NVIDIA, the world leader in accelerated computing, is seeking a Senior Site Reliability Engineer to join their Cloud team. This role sits at the intersection of software and systems engineering, focusing on designing and maintaining large-scale production systems with high efficiency and availability. The SRE team at NVIDIA ensures that their GPU cloud services maintain maximum reliability while enabling continuous improvement and innovation.
The position offers an opportunity to work with cutting-edge technologies like Kubernetes and OpenStack, while focusing on automation, performance tuning, and system optimization. NVIDIA's SRE culture emphasizes diversity, intellectual curiosity, and problem-solving in a blame-free environment. The role combines hands-on technical work with strategic thinking about system architecture and reliability.
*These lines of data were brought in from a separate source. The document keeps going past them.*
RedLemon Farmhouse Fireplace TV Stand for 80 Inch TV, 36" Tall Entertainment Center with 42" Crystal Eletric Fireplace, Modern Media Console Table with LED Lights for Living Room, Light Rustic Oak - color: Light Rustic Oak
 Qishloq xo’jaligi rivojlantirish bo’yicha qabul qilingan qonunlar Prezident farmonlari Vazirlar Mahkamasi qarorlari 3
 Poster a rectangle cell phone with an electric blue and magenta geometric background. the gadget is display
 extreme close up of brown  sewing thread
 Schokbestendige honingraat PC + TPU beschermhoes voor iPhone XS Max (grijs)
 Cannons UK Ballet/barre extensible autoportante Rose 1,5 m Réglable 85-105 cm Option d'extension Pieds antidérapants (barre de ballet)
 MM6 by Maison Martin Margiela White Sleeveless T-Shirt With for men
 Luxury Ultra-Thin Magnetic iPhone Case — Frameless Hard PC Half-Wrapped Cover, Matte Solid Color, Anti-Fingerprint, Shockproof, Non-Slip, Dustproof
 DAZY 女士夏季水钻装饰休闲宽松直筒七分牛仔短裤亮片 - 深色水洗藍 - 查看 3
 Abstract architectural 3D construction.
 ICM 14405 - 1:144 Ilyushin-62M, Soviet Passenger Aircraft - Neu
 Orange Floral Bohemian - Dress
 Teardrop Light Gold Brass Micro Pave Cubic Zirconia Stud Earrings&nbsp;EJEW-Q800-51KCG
As an SRE, you'll be responsible for the entire lifecycle of services, from design through deployment and maintenance. This includes implementing monitoring solutions, conducting launch reviews, and participating in on-call rotations. The role requires strong coding skills, particularly in languages like Python or Go, combined with deep knowledge of Linux systems and container technologies.
NVIDIA offers competitive compensation with a base salary range of $144,000 - $270,250 (depending on level), plus equity and comprehensive benefits. The company's commitment to fostering a diverse work environment and their position at the forefront of AI and digital twins technology makes this an exciting opportunity for engineers looking to work on challenging problems at scale.